SUPPLIED DATA ->
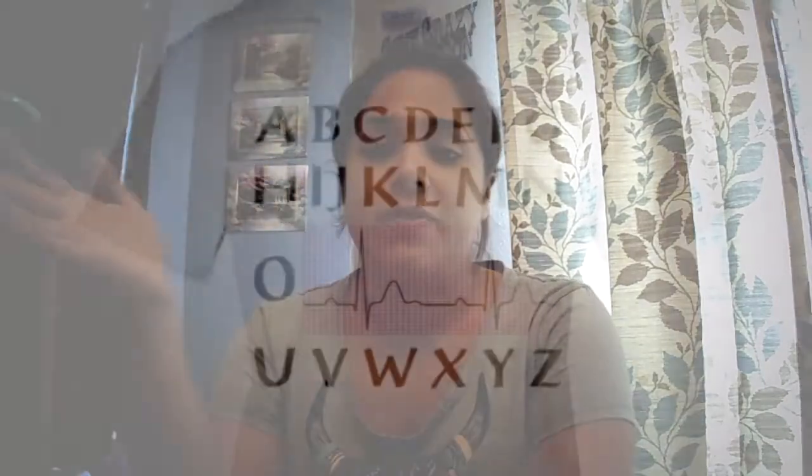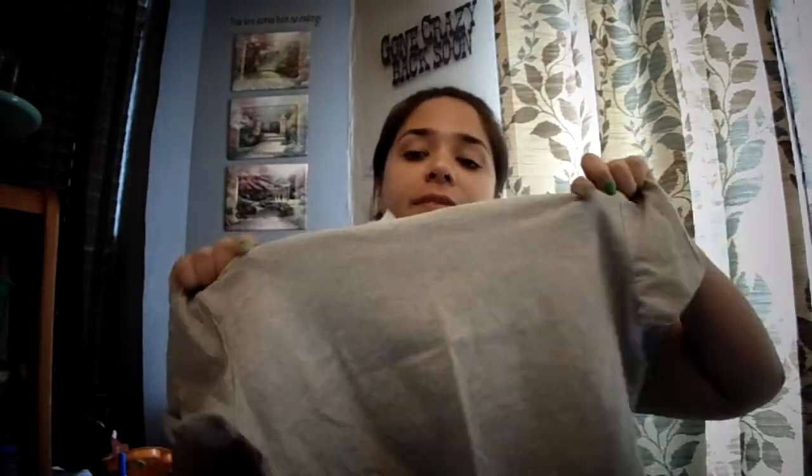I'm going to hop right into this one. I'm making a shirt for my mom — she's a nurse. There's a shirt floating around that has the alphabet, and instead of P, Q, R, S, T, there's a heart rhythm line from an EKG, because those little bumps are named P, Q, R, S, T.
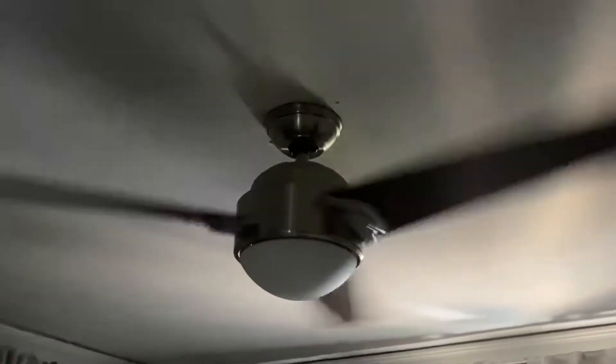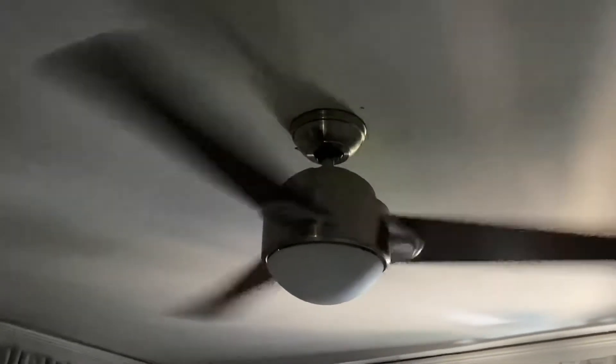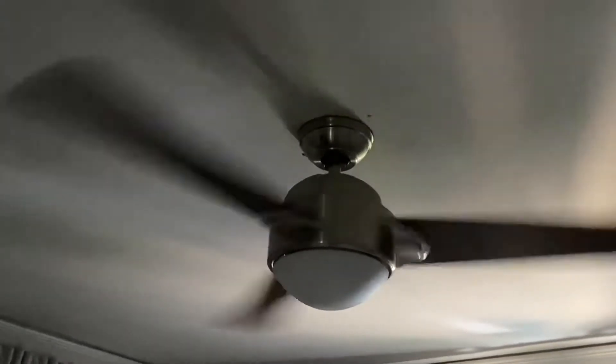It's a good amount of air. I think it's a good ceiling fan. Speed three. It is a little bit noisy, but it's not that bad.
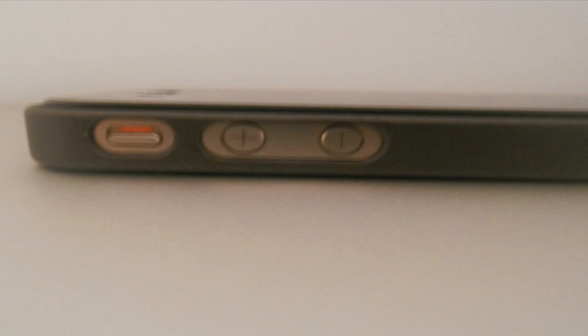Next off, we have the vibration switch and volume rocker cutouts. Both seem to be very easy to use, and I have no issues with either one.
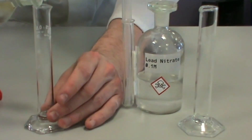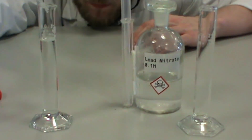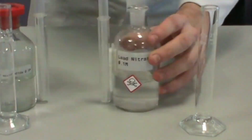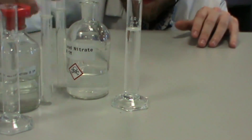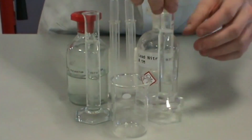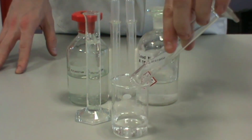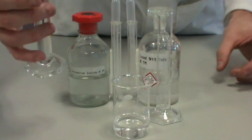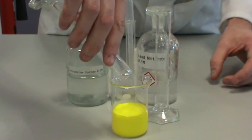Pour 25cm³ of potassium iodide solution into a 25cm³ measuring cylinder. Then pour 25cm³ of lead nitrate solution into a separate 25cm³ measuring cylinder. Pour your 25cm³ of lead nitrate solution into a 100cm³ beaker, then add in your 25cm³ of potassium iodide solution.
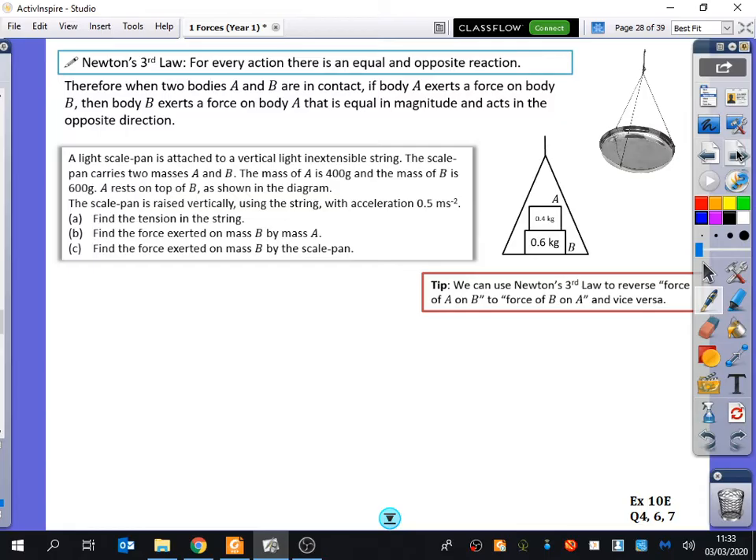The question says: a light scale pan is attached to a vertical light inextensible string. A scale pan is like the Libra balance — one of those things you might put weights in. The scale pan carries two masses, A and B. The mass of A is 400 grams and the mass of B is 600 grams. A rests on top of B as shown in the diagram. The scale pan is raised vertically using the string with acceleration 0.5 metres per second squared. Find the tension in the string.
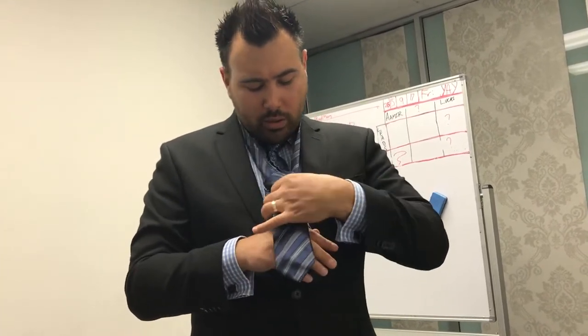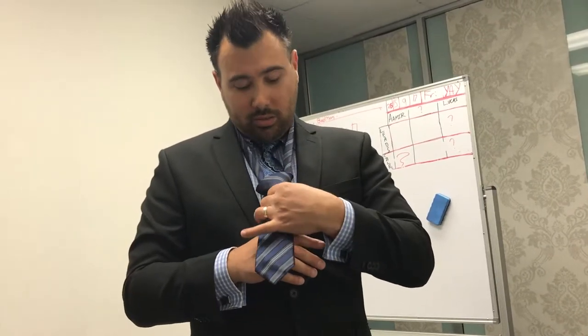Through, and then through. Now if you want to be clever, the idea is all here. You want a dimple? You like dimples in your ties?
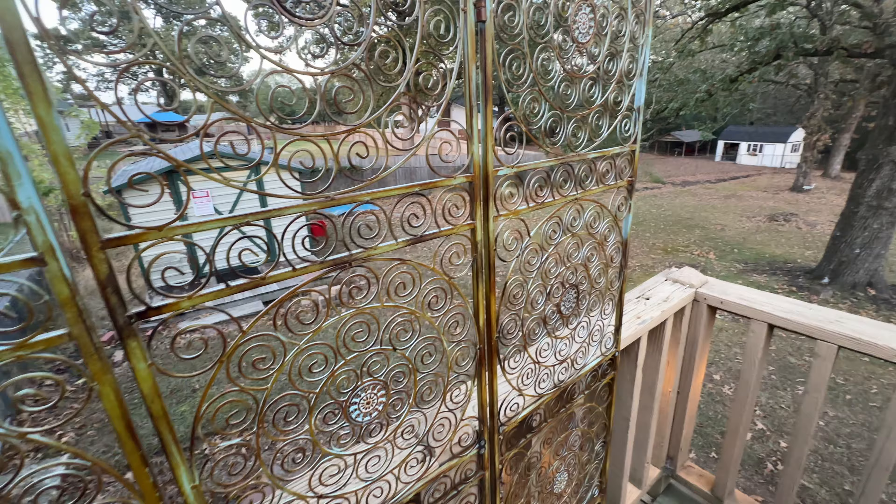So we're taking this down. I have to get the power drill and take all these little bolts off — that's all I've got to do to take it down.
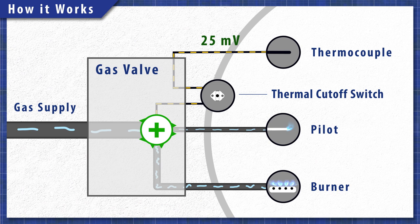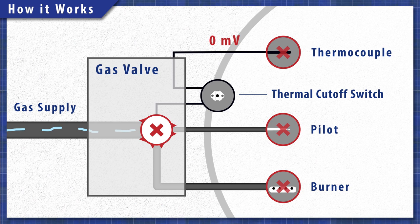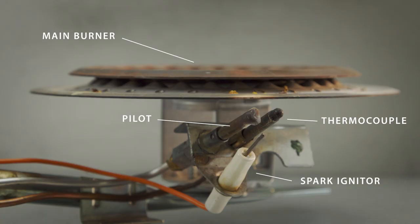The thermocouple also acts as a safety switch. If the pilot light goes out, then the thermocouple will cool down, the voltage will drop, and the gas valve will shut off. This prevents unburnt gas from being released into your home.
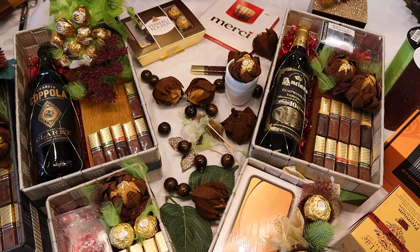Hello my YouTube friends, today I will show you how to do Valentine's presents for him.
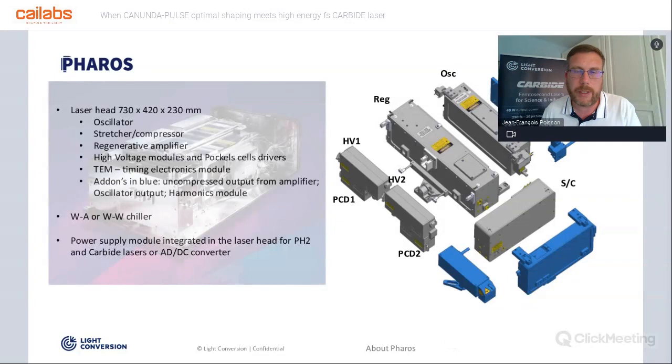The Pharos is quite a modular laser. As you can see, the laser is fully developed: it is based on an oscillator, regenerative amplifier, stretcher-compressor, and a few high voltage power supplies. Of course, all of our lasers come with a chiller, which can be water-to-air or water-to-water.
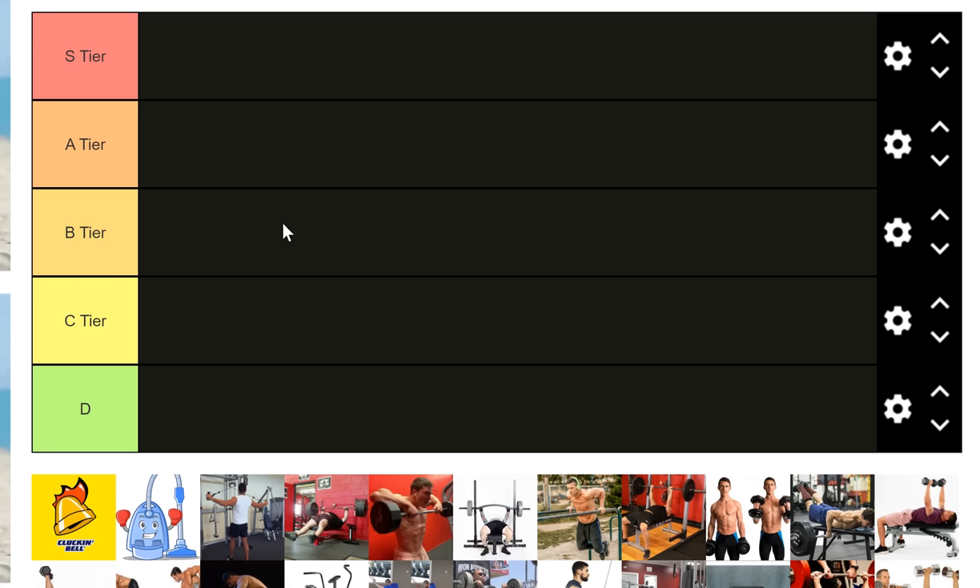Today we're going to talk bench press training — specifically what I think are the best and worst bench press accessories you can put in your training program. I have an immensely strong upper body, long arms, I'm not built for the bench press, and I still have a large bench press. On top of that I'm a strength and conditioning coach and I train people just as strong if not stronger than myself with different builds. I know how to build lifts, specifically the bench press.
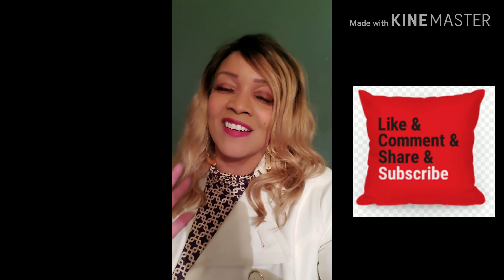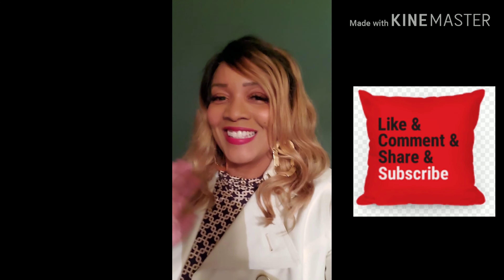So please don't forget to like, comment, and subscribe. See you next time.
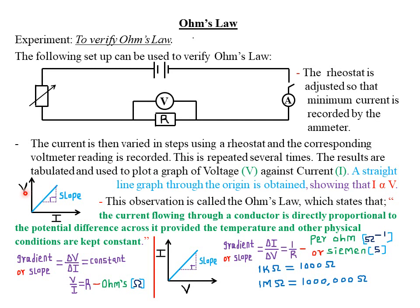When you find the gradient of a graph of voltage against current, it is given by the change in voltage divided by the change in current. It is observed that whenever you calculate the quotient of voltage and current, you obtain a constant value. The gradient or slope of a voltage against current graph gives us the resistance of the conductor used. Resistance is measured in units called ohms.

ACTION ITEM ->
Print each line of the listing, starting at its first and ending with the line that holds "Pour 25cm³ of potassium", but skip any pictures.

ANSWER ->
I'm going to hop right into this one. I'm making a shirt for my mom — she's a nurse. There's a shirt floating around that has the alphabet, and instead of P, Q, R, S, T, there's a heart rhythm line from an EKG, because those little bumps are named P, Q, R, S, T.
It's a good amount of air. I think it's a good ceiling fan. Speed three. It is a little bit noisy, but it's not that bad.
Next off, we have the vibration switch and volume rocker cutouts. Both seem to be very easy to use, and I have no issues with either one.
Pour 25cm³ of potassium iodide solution into a 25cm³ measuring cylinder. Then pour 25cm³ of lead nitrate solution into a separate 25cm³ measuring cylinder. Pour your 25cm³ of lead nitrate solution into a 100cm³ beaker, then add in your 25cm³ of potassium iodide solution.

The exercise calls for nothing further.